= Cambridge University Musical Society =

College orchestral and choral ensemble federation

The Cambridge University Musical Society (CUMS) is a federation of the university's main orchestral and choral ensembles, which cumulatively put on a substantial concert season during the university term.

==Foundation==
In 1843 the Cambridge University Musical Society (CUMS) was established, and was originally called the Peterhouse Musical Society as most of its members were originally undergraduates from that college. The founders of CUMS included John Bacchus Dykes, William Thomson and John A. L. Airey.

==Conductors of CUMS==
Many respected musical figures have directed the Cambridge University Musical Society, including the following:
- Charles Villiers Stanford
- Cyril Rootham
- Colin Davis
- David Willcocks
- Philip Ledger
- Stephen Cleobury
- Robin Ticciati
- Richard Armstrong (conductor)
- Mark Elder
- Peter Stark
- David Hill (choral director)
- Roger Norrington
- Nicholas Collon

==Ensembles==
Students wishing to join an orchestra are required to audition at the beginning of the academic year. One audition is required for all ensembles, and based on your abilities and preferences, you are allocated a position. Competition for places is variable depending on instrument. Selection is purely on merit, and irrespective of age, standing in the university, or subject being read. At least half, if not more, of the ensembles are made up of students who do not read music at the university.
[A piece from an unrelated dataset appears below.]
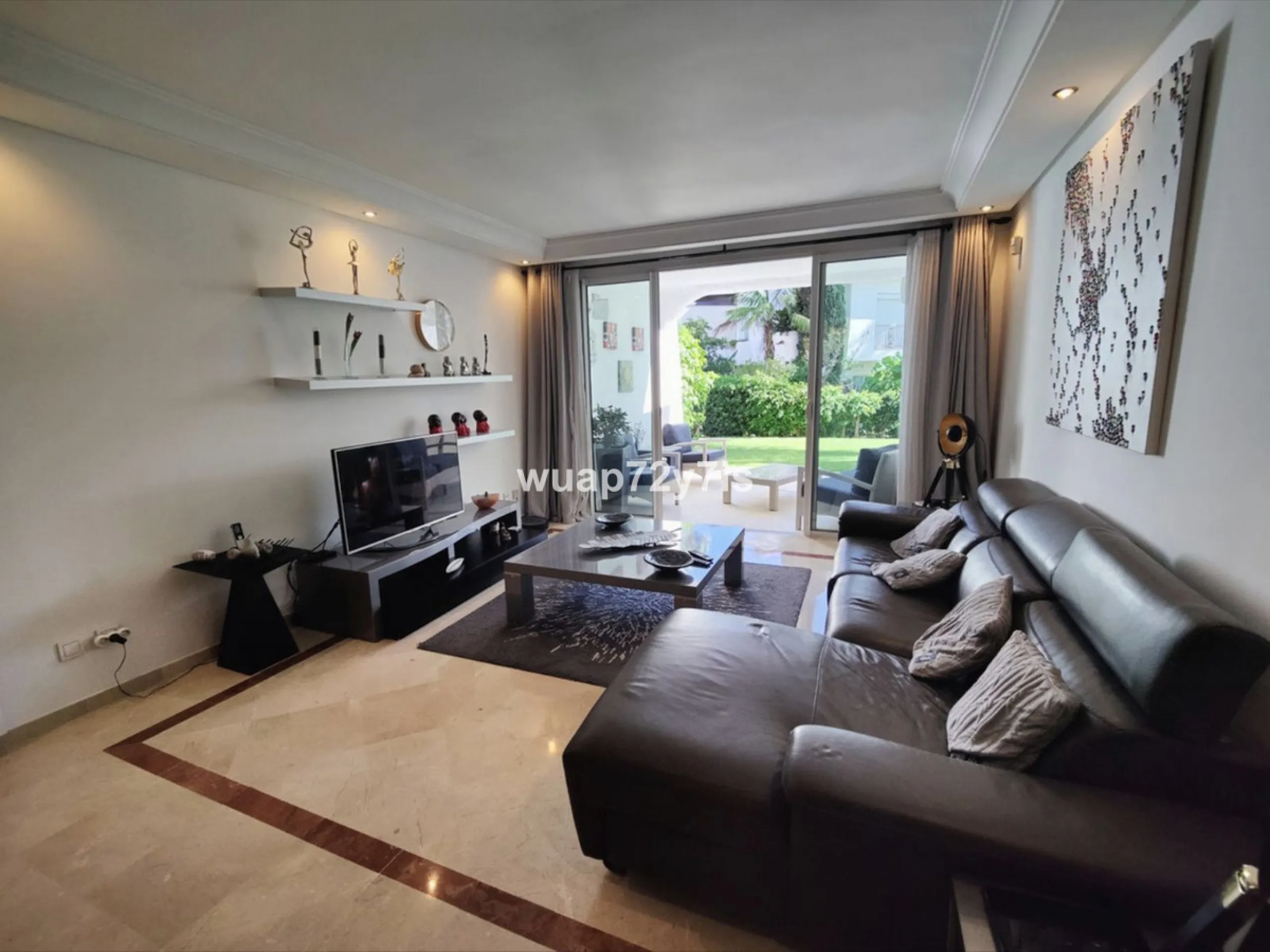 Luxury Ground Floor Apartment in Ventura Del Mar with Private Spacious Terrace.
===Cambridge University Orchestra (CUO)===
A full symphony orchestra, consisting of the university's elite instrumental musicians, most of whom either hold university instrumental awards or have been involved in nationally significant music making, particularly the National Youth Orchestra. The ensemble is conducted by professional conductors, such as Sir Mark Elder, Sir Roger Norrington, and John Wilson.
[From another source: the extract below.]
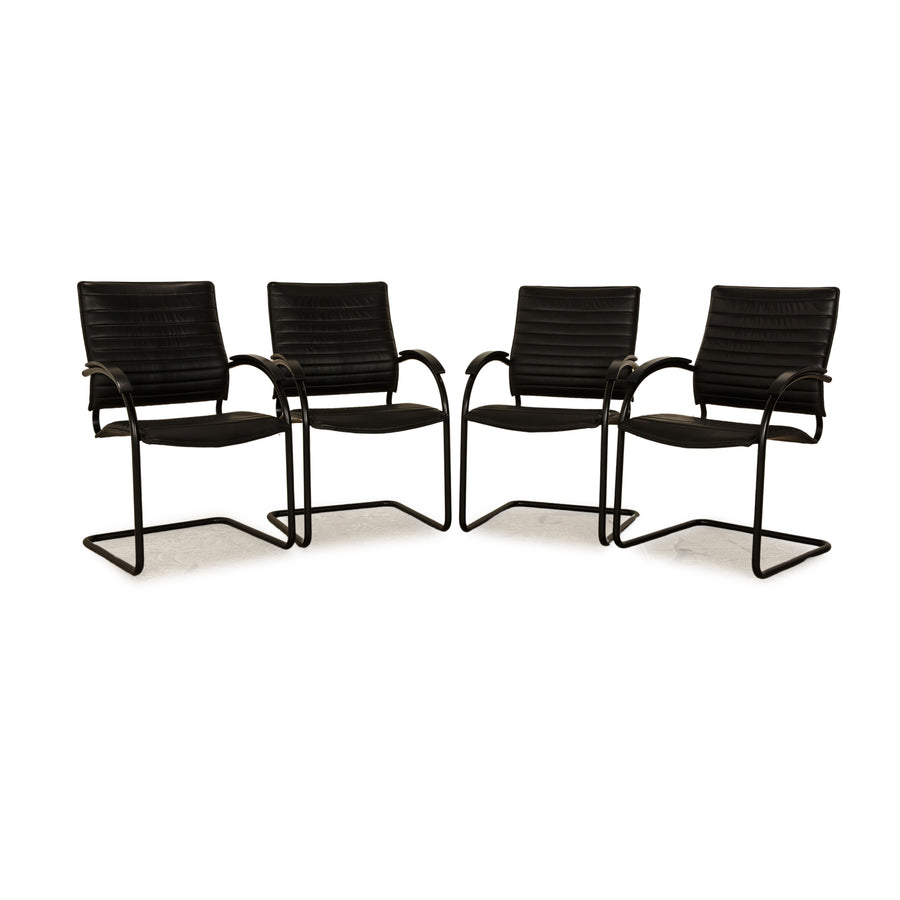 Lot de 4 chaises Thonet S 74 en cuir noir Vintage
===Cambridge University Sinfonia (CUS) ===
The second symphony orchestra of CUMS, giving three concerts in the academic year. Conducted by the CUMS Conducting Scholar.

===Cambridge University Wind Orchestra (CUWO)===
The wind orchestra, conducted by the CUMS Assistant Conductor.

===Cambridge University Symphony Chorus (CUSC)===
The large choir, conducted by many well-known conductors over the years (see above).

===Cambridge University Chamber Choir===
A small choir, consisting of the university's elite singers, directed by Martin Ennis and David Lowe.

===Cambridge University Lunchtime Concerts===
A series of lunchtime recitals, run by a committee of students, supported by CUMS.

===Cambridge University Percussion Ensemble===
The newest addition to the CUMS family. Run by students.